You know, it's a mess. And that's a technical political term. Thank you. Thank you. Yes. Appreciate it. But it really, you know, we have huge challenges, as you know, huge threats facing this country on a whole range of issues. And then if you think about...

this really complicated set of challenges and issues. And we elect people that really are not up to the task. And what's happened on the Republican side is we have let sort of the most radical group of people who support Donald Trump, frankly, take over. And it's...

And watching sort of the good people leave, I think today you have had, for example, Congressman McHenry, the chairman of the Financial Services Committee, he said that he's not going to run again. And you see that among a number of the impeachers today.

So it's a sad moment and I think a moment where we really need to look at how we can bring change and bring some of the good people back into office. So let's talk, obviously the obvious person is House Speaker Mike Johnson, someone probably you never thought would be a House Speaker. He was fairly unknown nationally until fall. You worked with him and you're friends with him, I think. I was, yeah. But you wrote extensively in the book about how he rallied Republicans to support Trump's stolen election.

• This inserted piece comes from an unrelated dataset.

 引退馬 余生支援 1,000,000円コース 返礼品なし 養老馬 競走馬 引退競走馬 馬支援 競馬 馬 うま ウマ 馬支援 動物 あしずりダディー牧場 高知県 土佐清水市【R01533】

You have called him in this book tour a collaborator and an enabler. Collaborator is a very loaded word. Talk to me about how concerned, Trump collaborator, how concerned you were about him in this leadership role. And be specific. What is your greatest worry about him since you liked him and you were a friend of his previously? Yeah.

My worry about him is that he is willing to do things he knows to be wrong. And I was very, very surprised at that.

the way that he operated and the extent to which, you know, he would call himself a constitutional lawyer. And in many cases, you know, with respect to the amicus brief, with respect to the objections afterwards, when I would speak to him, you know, he would acknowledge that

that what I was saying was correct with respect to the Constitution or the law. But then he would go on again and advocate for these things that were constitutionally unsound to our colleagues. And it was the way that he operated, and it was the extent to which he was willing to do things that

Not just I, but others. You know, Kevin McCarthy's own chief counsel, you know, wrote to me that she had talked to him and that he knew what he was doing was constitutionally infirm. But he still did it. And so it's one thing to have somebody who's, he was then vice chair of the conference, you know, was sort of working behind the scenes in some ways to help do Trump's bidding.

And, of course, when I wrote the book and finished it in September and sent it off to the printer, I had no idea that he would be elected speaker. And it's particularly dangerous to have somebody like that wield the gavel. Dangerous. Dangerous. Because why? Dangerous.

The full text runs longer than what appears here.